But most individuals, including those who are poor, are careful
decisionmakers. Few individuals
would ask a nurse to perform a heart
operation, a bookkeeper to perform a difficult accounting
analysis, or a patent lawyer to
defend against a murder charge even if doing so appeared cheaper
than the alternatives.
Moreover, the consumer’s
self-interest is not the only protection against incompetent practitioners;
the provider’s self-interest is also
important. It is very much in the provider’s interest to perform the
tasks for
which he has contracted and not to leave dissatisfied clients in his wake. A bad reputation
will lose customers and money.
Professionals who fail through incompetence lose the investments
they made in their enterprises and
their prospects for future success.
Nonlawyers routinely refer cases
that are outside their competence to lawyers, even though they are
not bound by law to do so. In Arizona
and California referrals from paralegals to lawyers are
common. That indicates that
nonlawyers tend not to take cases that they feel are beyond their level
of
competence. In a leading
Michigan unauthorized practice case, State Bar v. Cramer (1976), the
record disclosed that the defendant
had referred over six hundred cases to lawyers. Referrals,
another filter against foolish
contracting, work to protect consumers from incompetent practitioners.
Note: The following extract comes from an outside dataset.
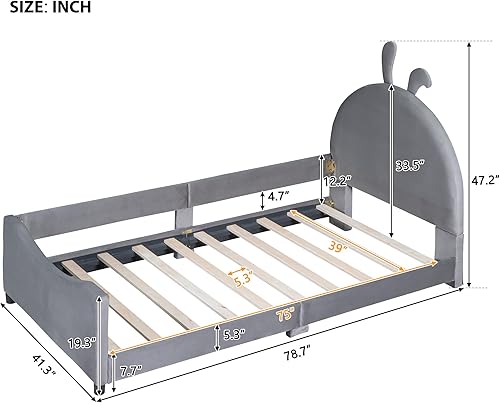 Miniatura 2 de Marco tapizado de cama individual para niños con bonita cabecera de dibujos animados, cama de plataforma doble de madera para niñas y niños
Experience shows that the vast
majority of UPL cases are brought by bar organizations, not injured
consumers. Actual cases of harm to clients due to
incompetent or dishonest nonattorney assistance
are rare. Professor Deborah Rhode
wrote in the Stanford Law Review (1981) that of all UPL
inquiries, investigations, and
complaints in 1979, only 2 percent arose from consumer complaints and
involved injury.
The Canadian experience is similar.
In particular, the province of Ontario reserves most legal
services for bar-approved attorneys.
The Report of the Task Force on Paralegals, prepared for
Ontario’s Ministry of the Attorney General
in 1990, analyzed the 155 cases of unauthorized practice
brought from 1986 to 1989. The task
force found that 87 percent of the cases had been brought by
lawyers,
governmental agencies, or the Law Society. Moreover, the report stated, "Those few
complaints of incompetence or fraud
related to one independent paralegal business [that is] no longer
in operation." The report
concluded:
The great majority of
clients of independent paralegals feel that they have received
satisfactory legal services.
In fact, the information assembled by the task force suggests
that any intimation of large
scale incompetence or fraudulent activity by independent
paralegals is incorrect and
misleading.
Consumers and Information
Supporters argue that UPL statutes
help the public assess the competence of service providers.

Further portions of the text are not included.